─── Records provided

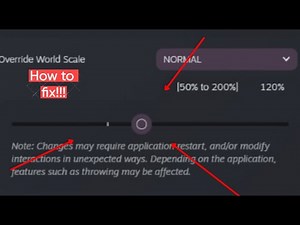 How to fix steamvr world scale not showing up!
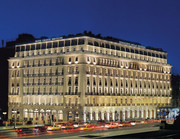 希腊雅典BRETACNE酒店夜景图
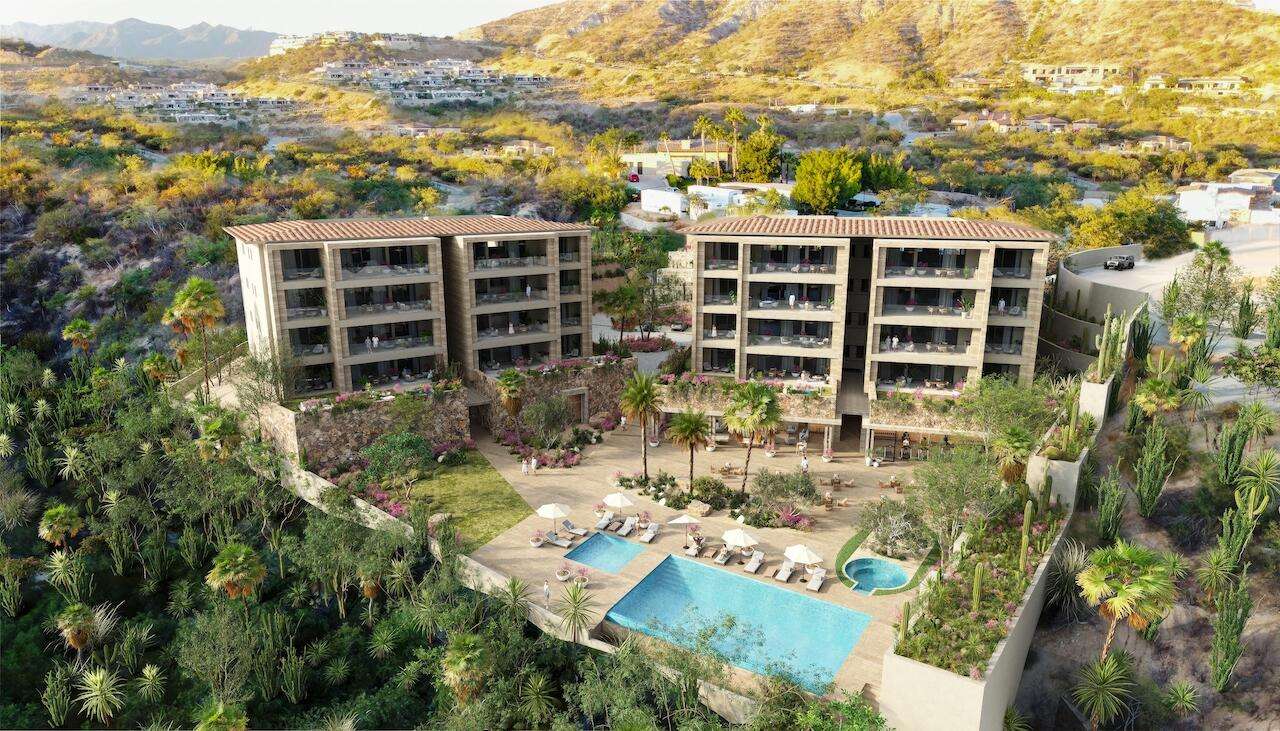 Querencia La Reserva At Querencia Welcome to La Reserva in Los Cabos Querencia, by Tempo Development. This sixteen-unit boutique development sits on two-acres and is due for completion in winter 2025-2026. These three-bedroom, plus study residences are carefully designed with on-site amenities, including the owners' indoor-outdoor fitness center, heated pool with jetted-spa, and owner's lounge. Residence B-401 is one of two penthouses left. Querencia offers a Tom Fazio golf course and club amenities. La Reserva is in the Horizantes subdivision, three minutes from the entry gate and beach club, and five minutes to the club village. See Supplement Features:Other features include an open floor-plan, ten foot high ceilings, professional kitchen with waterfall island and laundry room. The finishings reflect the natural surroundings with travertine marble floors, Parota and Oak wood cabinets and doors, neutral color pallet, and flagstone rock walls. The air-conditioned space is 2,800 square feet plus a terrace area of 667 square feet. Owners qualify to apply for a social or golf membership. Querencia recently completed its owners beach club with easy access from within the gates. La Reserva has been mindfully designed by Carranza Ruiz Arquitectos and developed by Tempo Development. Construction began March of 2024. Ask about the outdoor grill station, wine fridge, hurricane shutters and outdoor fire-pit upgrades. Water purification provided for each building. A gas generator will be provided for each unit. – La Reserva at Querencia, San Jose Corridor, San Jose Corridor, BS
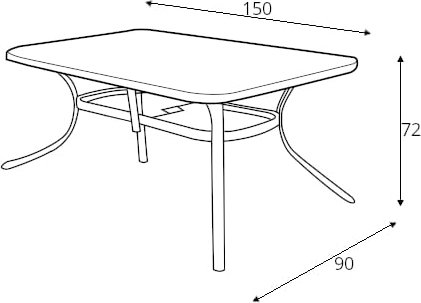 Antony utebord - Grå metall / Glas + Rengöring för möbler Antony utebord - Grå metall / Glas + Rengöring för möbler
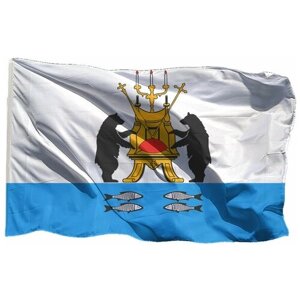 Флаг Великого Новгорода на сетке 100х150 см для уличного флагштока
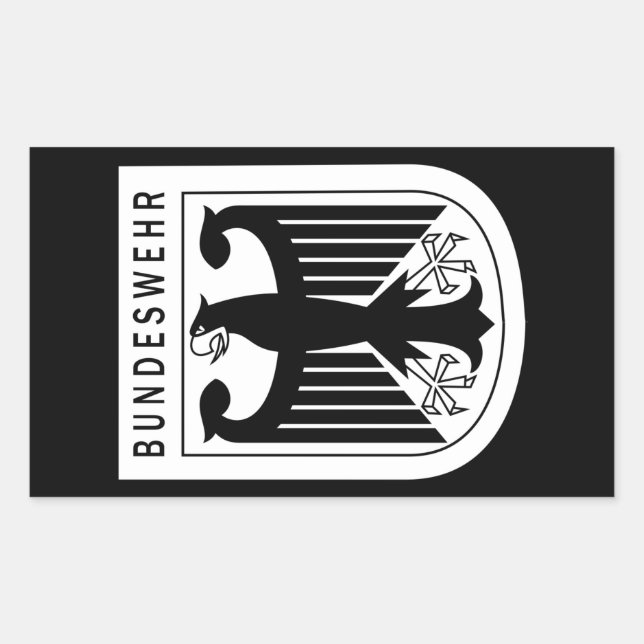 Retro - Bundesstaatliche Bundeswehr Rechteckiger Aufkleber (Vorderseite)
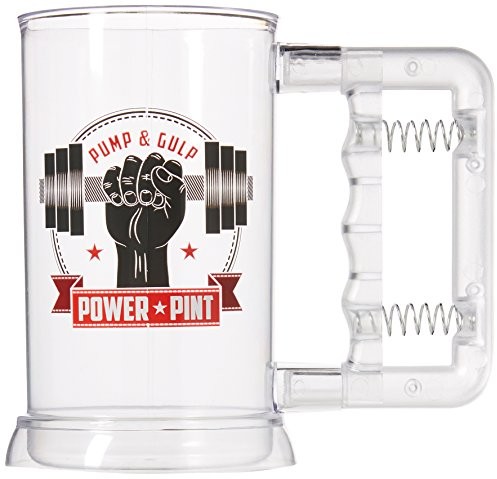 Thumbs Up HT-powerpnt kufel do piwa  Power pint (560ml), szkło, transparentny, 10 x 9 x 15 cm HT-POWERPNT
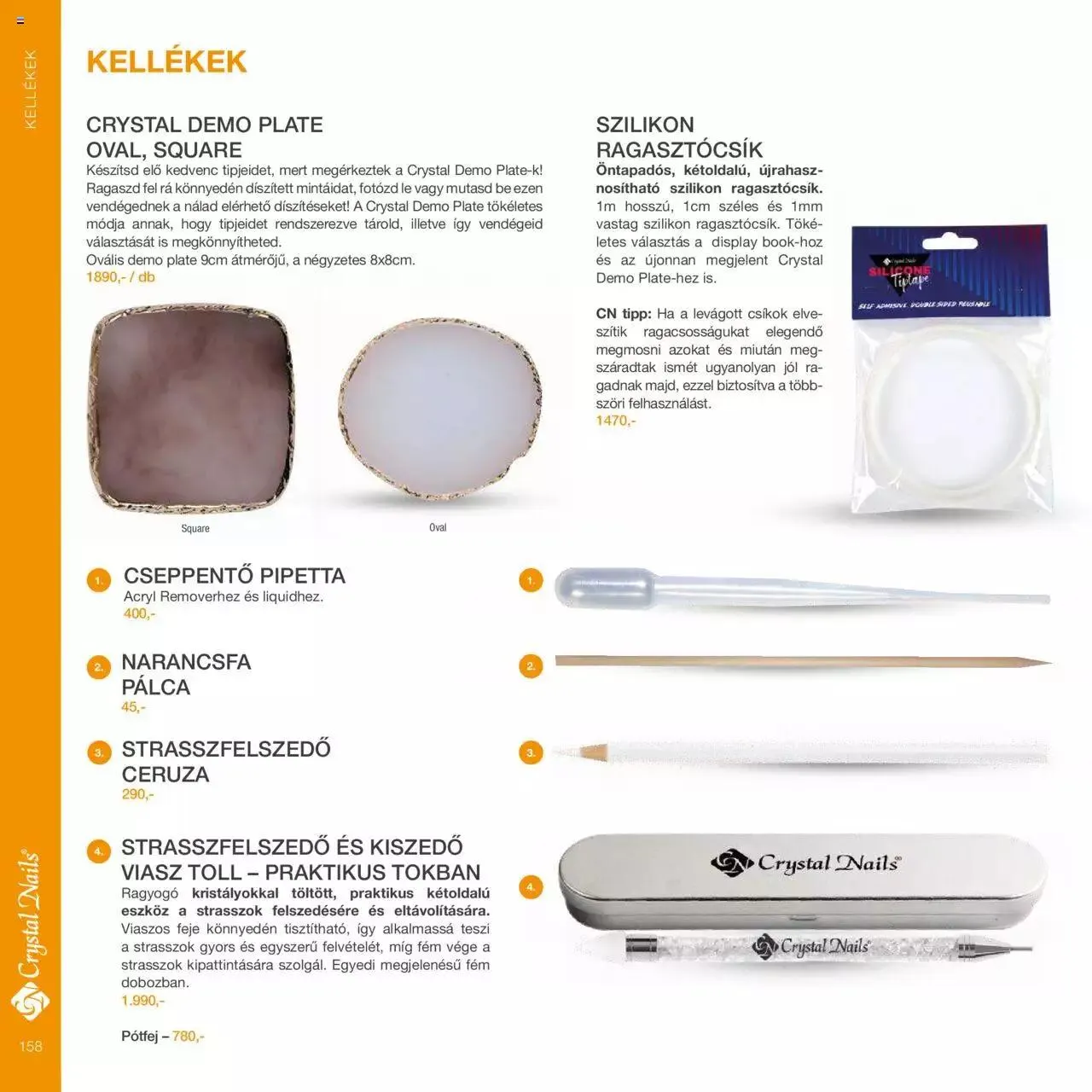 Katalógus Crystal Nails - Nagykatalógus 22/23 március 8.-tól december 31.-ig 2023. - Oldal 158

──────
─── Records provided

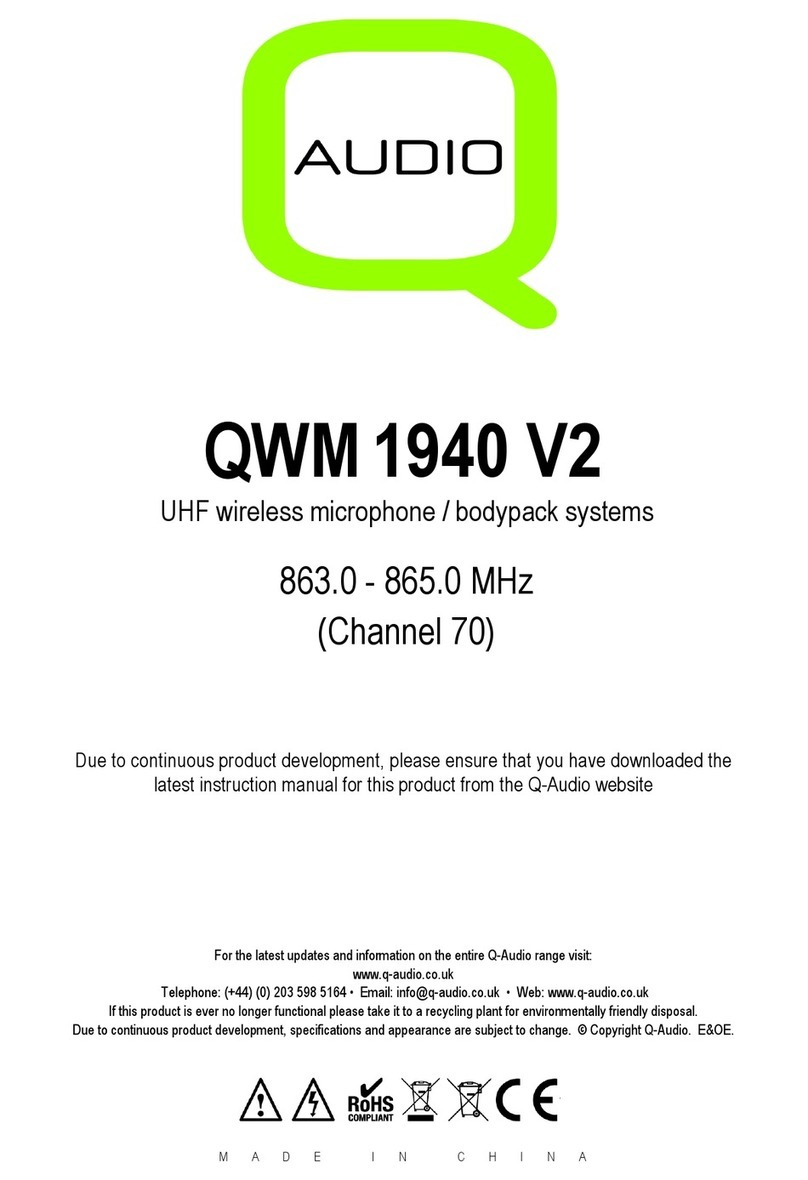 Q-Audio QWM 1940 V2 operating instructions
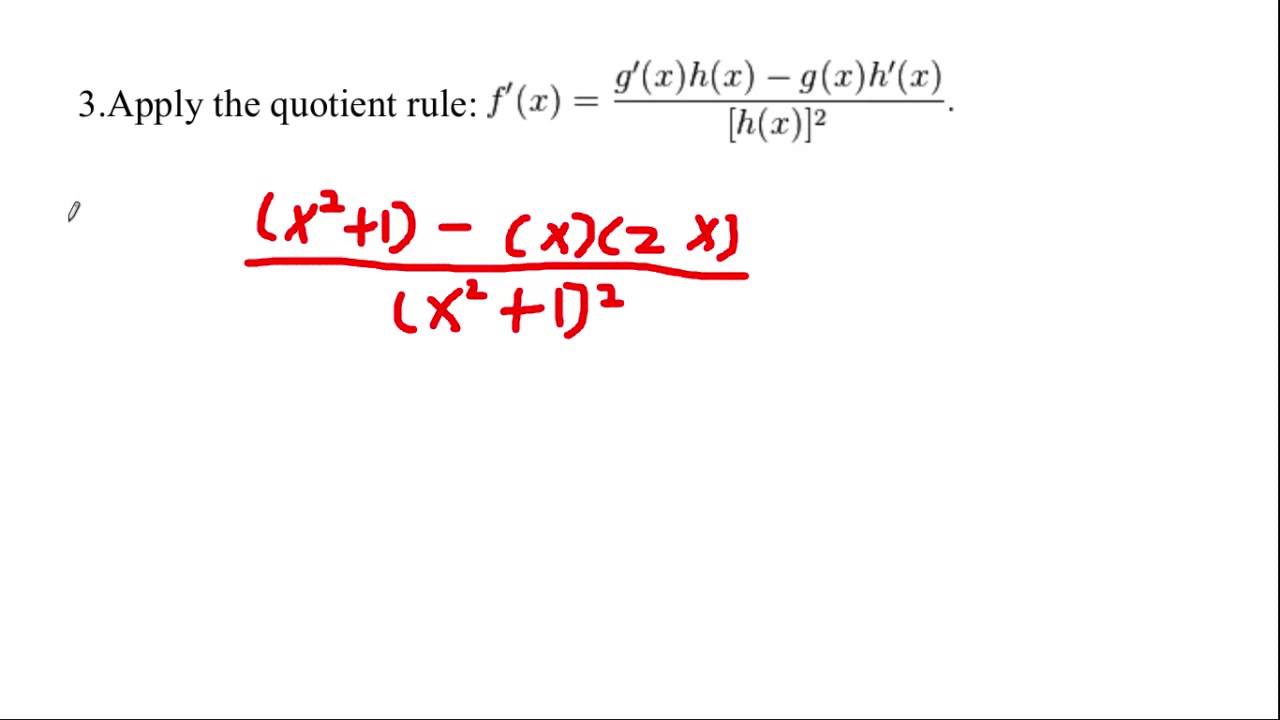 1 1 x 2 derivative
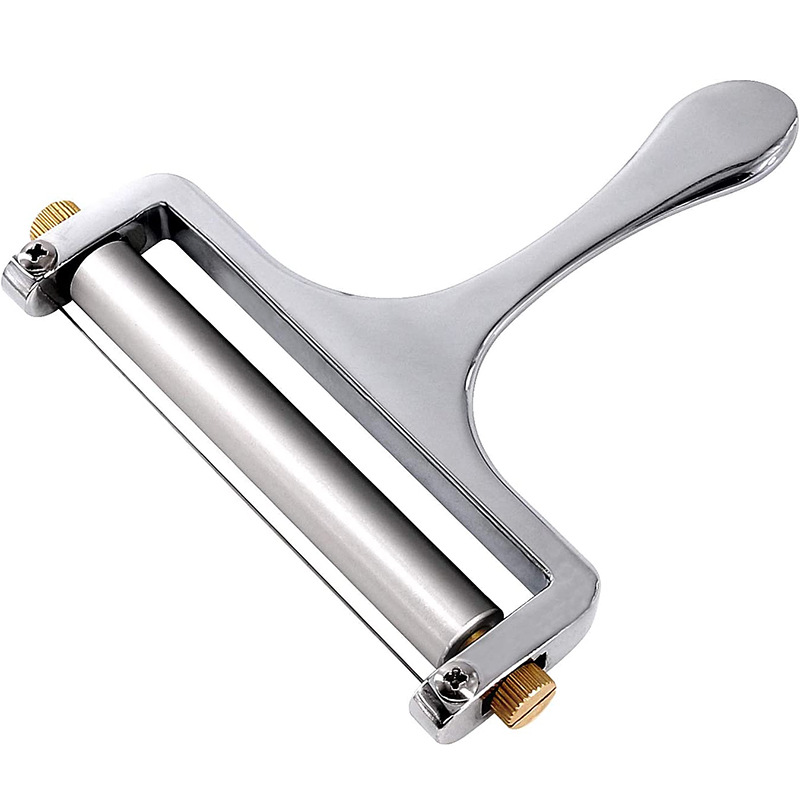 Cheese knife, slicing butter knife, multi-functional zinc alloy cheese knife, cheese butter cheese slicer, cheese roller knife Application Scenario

──────

◆ **Work to be completed**
In the records above, find the line with "för möbler Antony" and the line with "Katalógus Crystal Nails", then restate word for word only those two lines and all lines between, omitting pictures.

◆ **Response for this exercise**
 Antony utebord - Grå metall / Glas + Rengöring för möbler Antony utebord - Grå metall / Glas + Rengöring för möbler
 Флаг Великого Новгорода на сетке 100х150 см для уличного флагштока
 Retro - Bundesstaatliche Bundeswehr Rechteckiger Aufkleber (Vorderseite)
 Thumbs Up HT-powerpnt kufel do piwa  Power pint (560ml), szkło, transparentny, 10 x 9 x 15 cm HT-POWERPNT
 Katalógus Crystal Nails - Nagykatalógus 22/23 március 8.-tól december 31.-ig 2023. - Oldal 158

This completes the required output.